Her thesis examined the drivers of vegetation change at the present-day grassland-savanna ecotone in the Mpumalanga Province of South Africa. Mpumalanga province borders Swaziland as well as the Gaza Province, northeast of Mozambique and the Maputo Province, east of Mozambique.

This involved the use of a variety of palaeoecological techniques (pollen, charcoal, stable isotope and phytolith analysis) on three sedimentary sequences spanning the Holocene (last 10,000 years). The main focus of this work was climate-fire-vegetation dynamics in the summer rainfall region of South Africa, temporal (Holocene) and spatial (altitudinal) changes in C3– and C4-dominated grass ecosystems, and ecological thresholds and resilience within savannas and grasslands. This work was funded by the Andrew Mellon Foundation, and supervised by Dr Lindsey Gillson and Prof. Kathy Willis.

Elinor also holds an MSc in Forestry and Land Use from Oxford University, and an MA in Plant Sciences from Cambridge University.

Previous work has investigated: the role of soil seed banks and seed dispersers in the restoration of fragmented forest; the role of sun flecks in the forest understory; and regeneration of native forest under pine plantations.

Elinor has worked in tropical rainforest ecology in Costa Rica, restoration ecology in Madagascar, and run environmental expeditions to Nicaragua.

Question for Elinor


Elinor, could you tell us about how the application of “palaeocoecology” can increase The Brick Project students’ understanding of present-day ecosystems?

Response from Elinor


ElinorBreman_0

Dr.
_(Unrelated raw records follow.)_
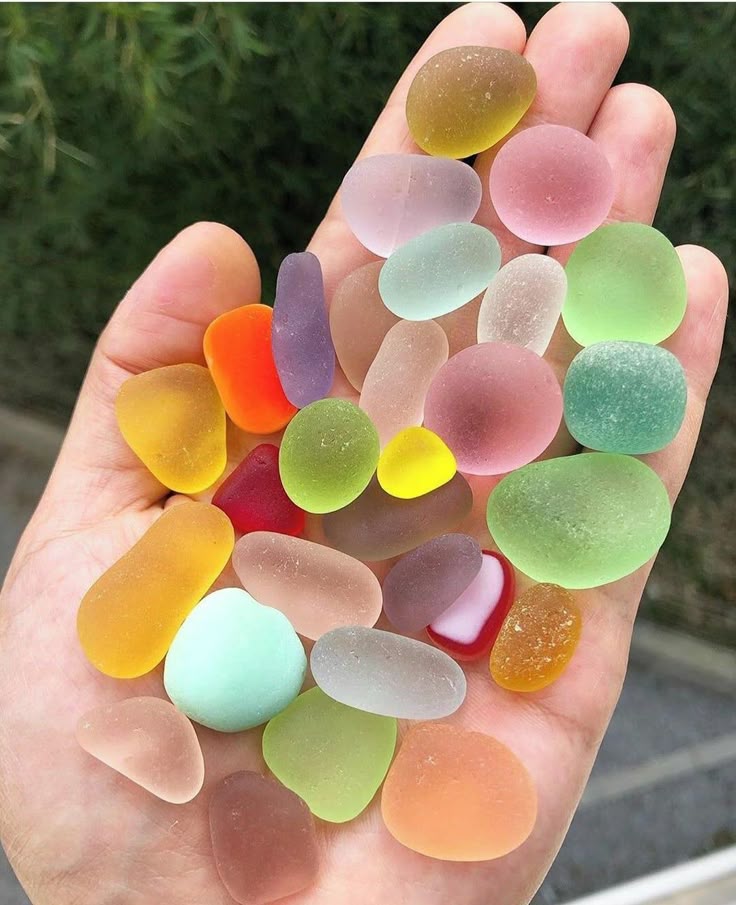 purelivn's tweet photo. sea glass https://t.co/5z2W0JmEGq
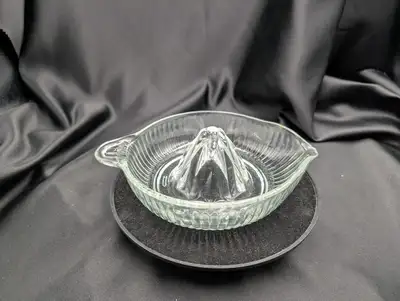 Vintage Clear Pressed Glass Citrus Juicer Reamer Orange Juice, View more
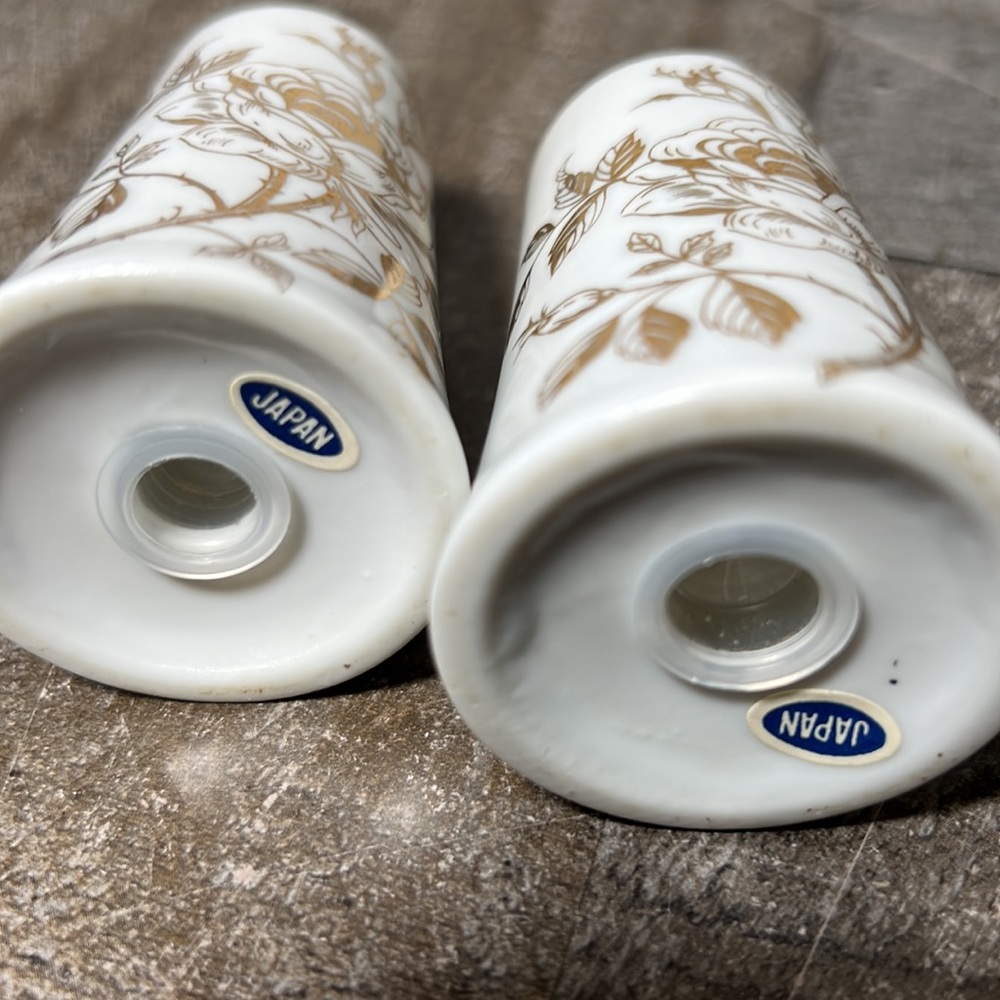 Vintage White Porcelain with 22K Gold Floral Design and Writing Made Japan - Picture 4 of 4
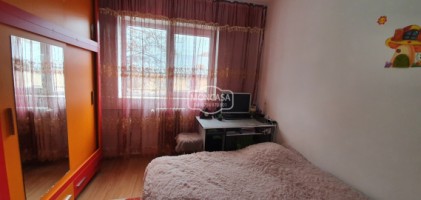 apartament-2-camere-etaj-2-bloc-caramida-zona-scoala-7-9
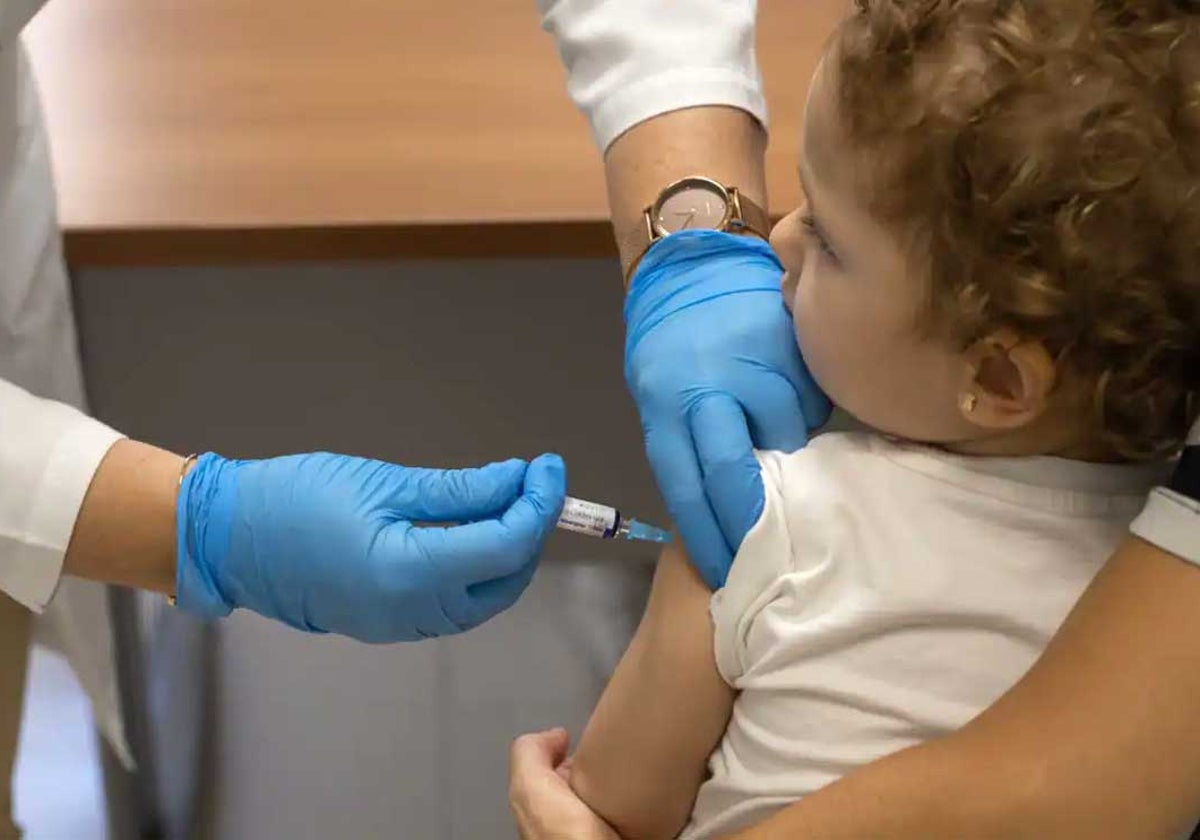 Una niña recibe una vacuna en un centro de salud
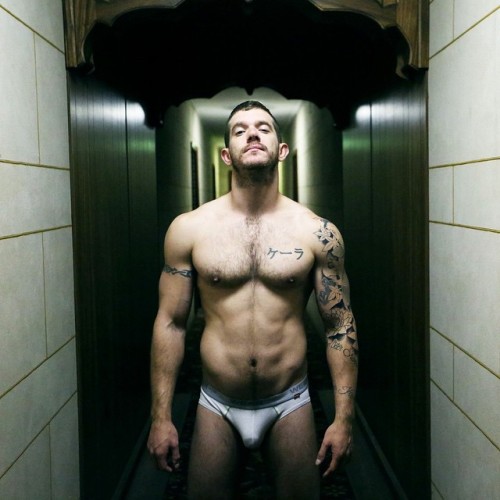 beardburnme:  “#photographybyroganrichards feat @skippybaxter” by @roganrichards on Instagram http://ift.tt/1NHDdzU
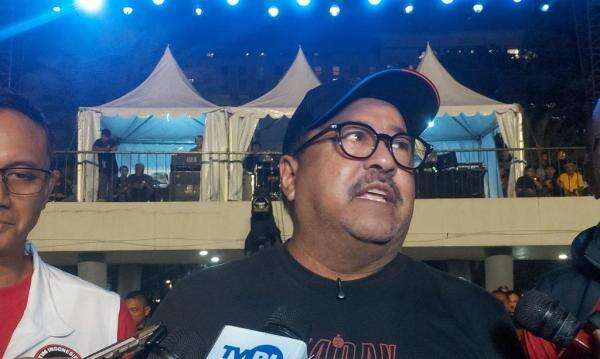 14.000 Warga Nobar Final Piala Dunia di Lapangan Banteng, Rano Karno Ngaku Kaget 14.000 Warga Nobar Final Piala Dunia di Lapangan Banteng, Rano Karno Ngaku Kaget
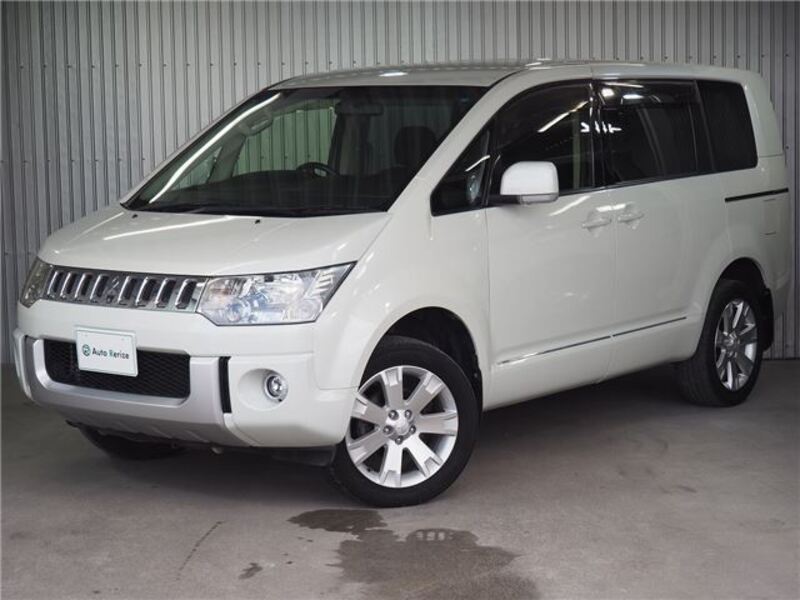 MITSUBISHI DELICA D5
Elinor Breman, Oxford University

Karim, many management and conservation decisions in forests are based on the current ecosystem status, with supporting ecological data spanning a few years.

When the lifespan of trees is in the order of 10-100s of years this snapshot approach can miss vital information about how the system operates, and how it responds to natural and human disturbances.

Without a proper understanding of the long-term dynamics (100s-1000s of years) of these ecosystems how can we determine whether change in the current system is part of a larger, natural cycle, or whether it represents a threshold response and a shift to a new system not previously experienced in the region?

Palaeoecology offers a solution.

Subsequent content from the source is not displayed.